_Record extracts_
***

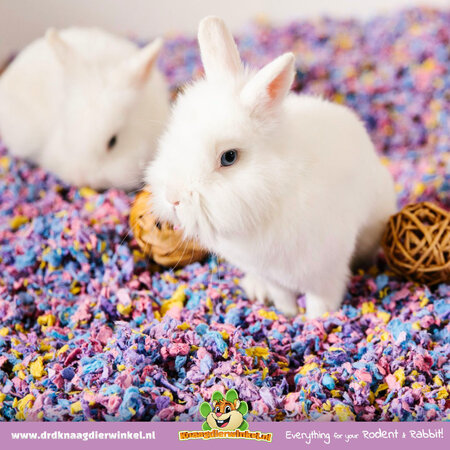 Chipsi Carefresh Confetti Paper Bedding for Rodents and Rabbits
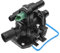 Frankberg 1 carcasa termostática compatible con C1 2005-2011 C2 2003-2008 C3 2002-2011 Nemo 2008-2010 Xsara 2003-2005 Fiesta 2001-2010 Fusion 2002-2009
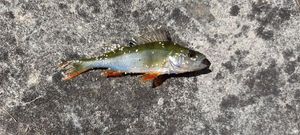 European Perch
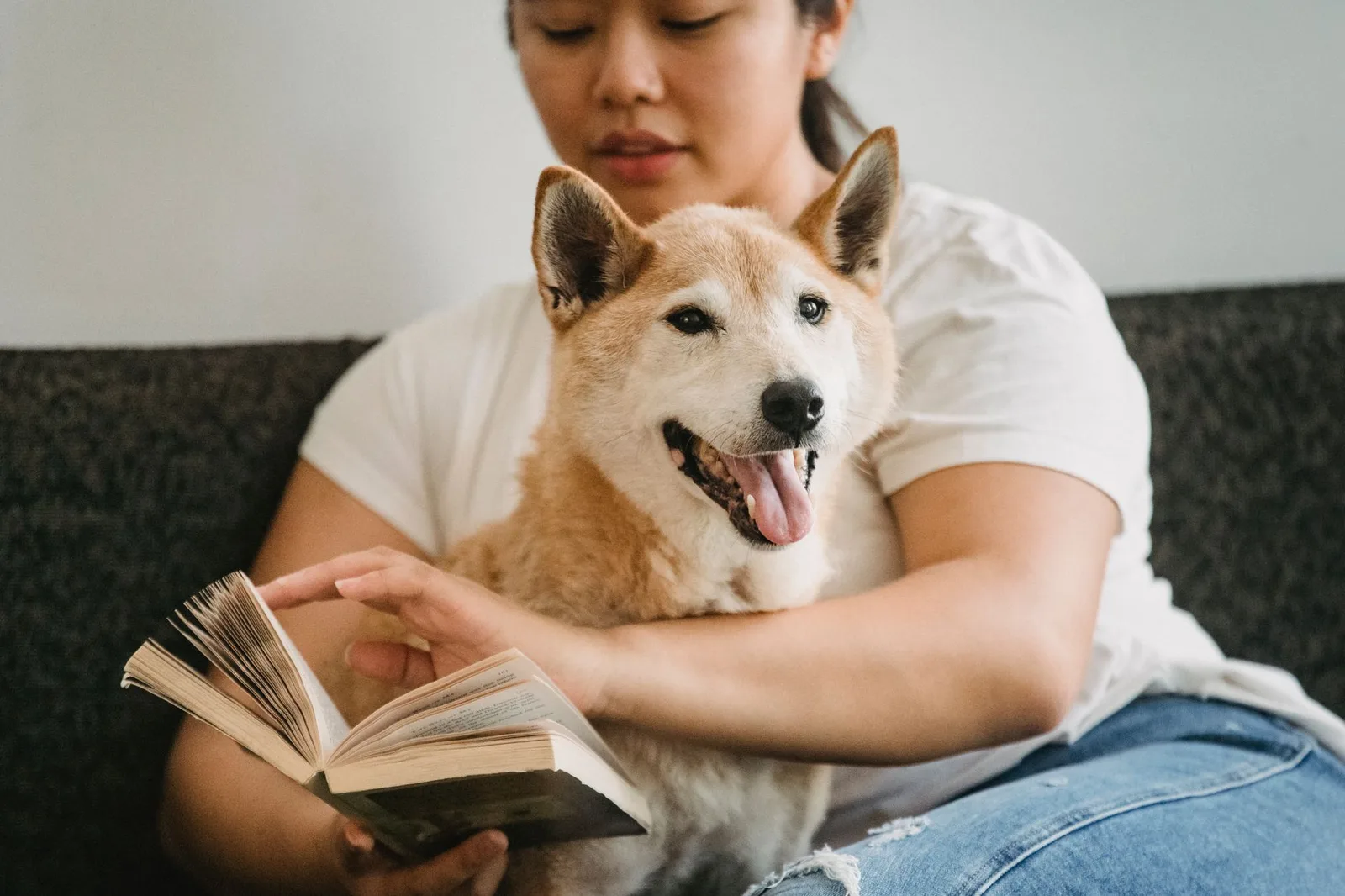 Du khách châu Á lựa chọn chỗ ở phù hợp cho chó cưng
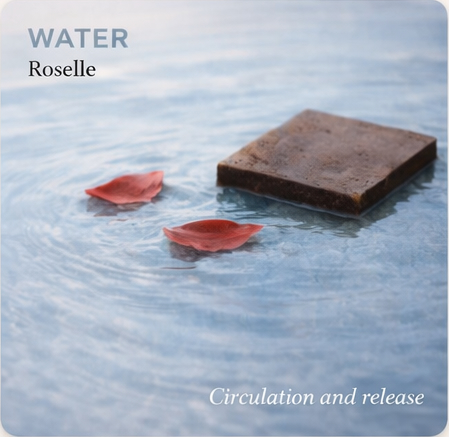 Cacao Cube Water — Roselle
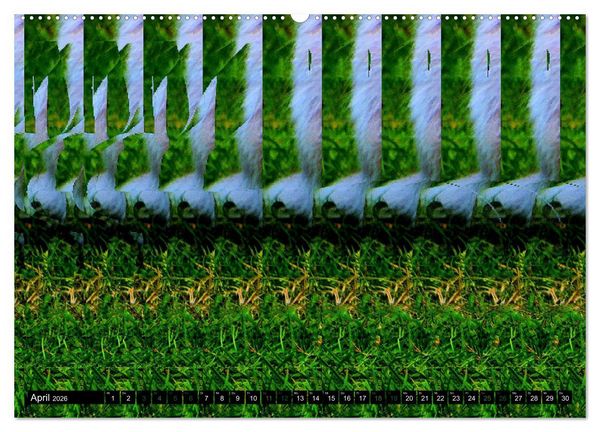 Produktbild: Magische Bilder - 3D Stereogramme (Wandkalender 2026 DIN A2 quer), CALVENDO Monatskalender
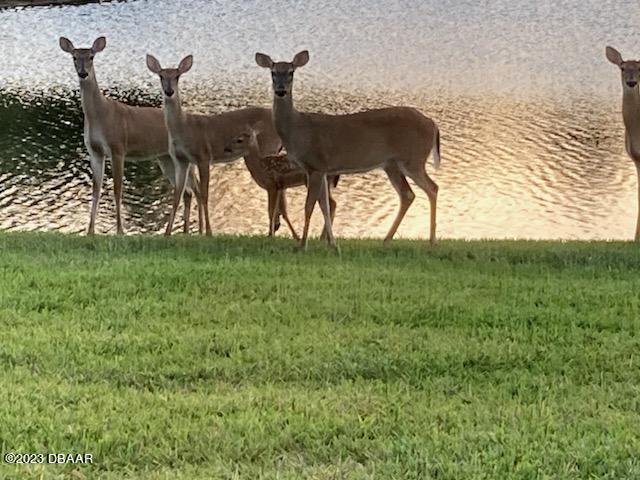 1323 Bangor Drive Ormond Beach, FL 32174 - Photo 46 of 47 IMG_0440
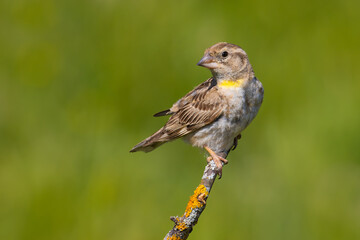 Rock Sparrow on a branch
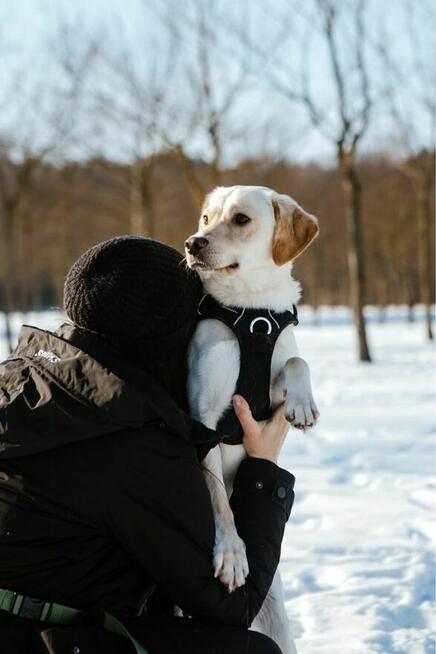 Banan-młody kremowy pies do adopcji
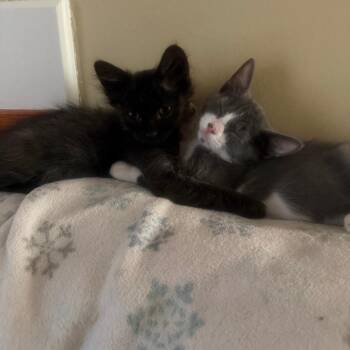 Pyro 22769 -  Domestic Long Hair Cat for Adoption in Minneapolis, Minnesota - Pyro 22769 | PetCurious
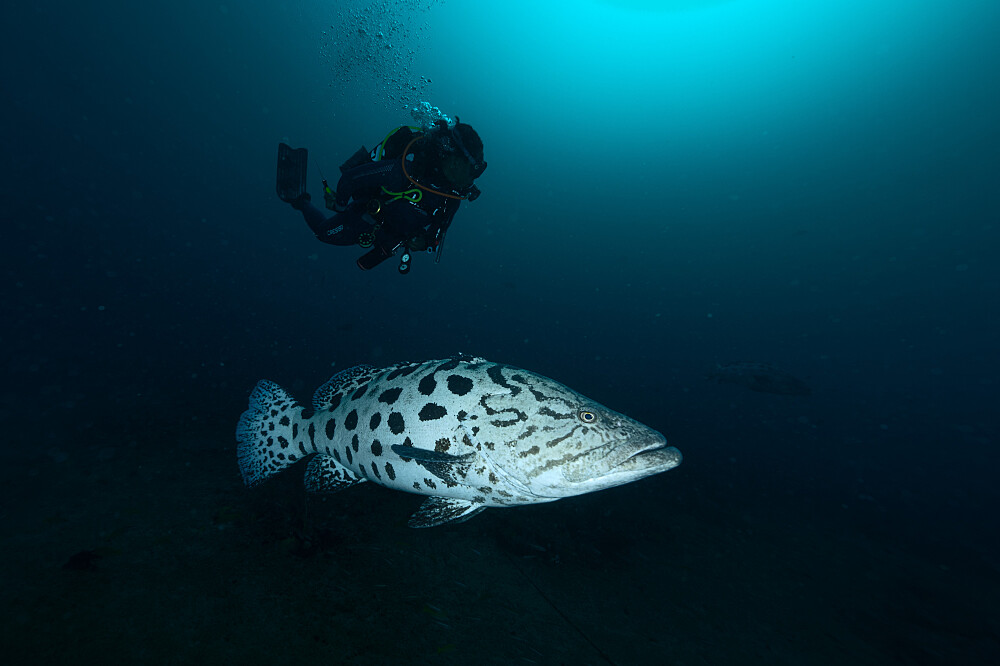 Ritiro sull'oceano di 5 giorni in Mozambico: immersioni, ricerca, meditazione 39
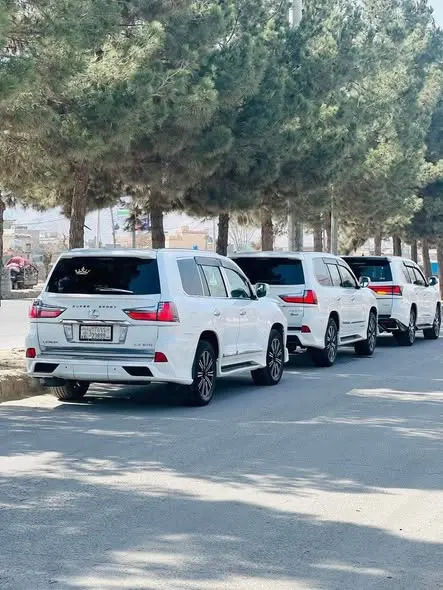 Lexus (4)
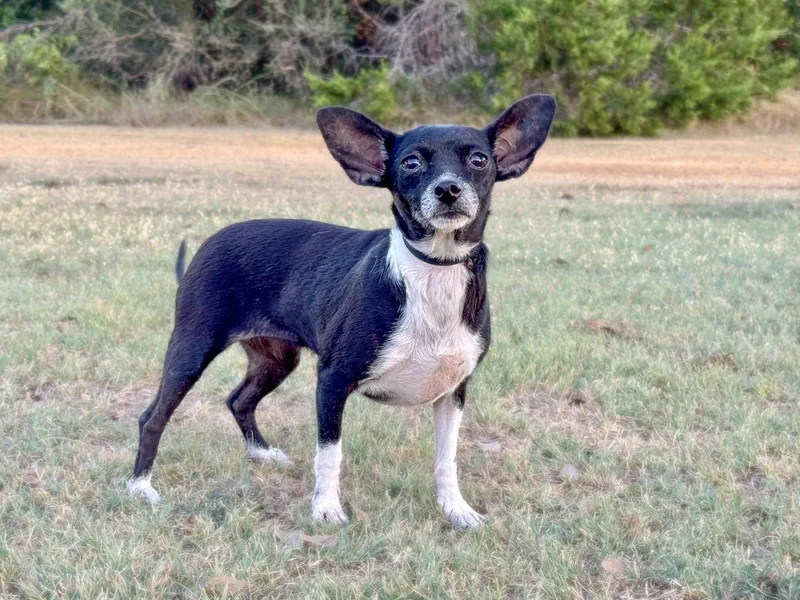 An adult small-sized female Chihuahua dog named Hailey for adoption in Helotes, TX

***

_Instructions to follow_
Up to and including the line with "Ritiro sull'oceano di", copy the data above from its first line. Skip pictures.

_Task answer_
 Chipsi Carefresh Confetti Paper Bedding for Rodents and Rabbits
 Frankberg 1 carcasa termostática compatible con C1 2005-2011 C2 2003-2008 C3 2002-2011 Nemo 2008-2010 Xsara 2003-2005 Fiesta 2001-2010 Fusion 2002-2009
 European Perch
 Du khách châu Á lựa chọn chỗ ở phù hợp cho chó cưng
 Cacao Cube Water — Roselle
 Produktbild: Magische Bilder - 3D Stereogramme (Wandkalender 2026 DIN A2 quer), CALVENDO Monatskalender
 1323 Bangor Drive Ormond Beach, FL 32174 - Photo 46 of 47 IMG_0440
 Rock Sparrow on a branch
 Banan-młody kremowy pies do adopcji
 Pyro 22769 -  Domestic Long Hair Cat for Adoption in Minneapolis, Minnesota - Pyro 22769 | PetCurious
 Ritiro sull'oceano di 5 giorni in Mozambico: immersioni, ricerca, meditazione 39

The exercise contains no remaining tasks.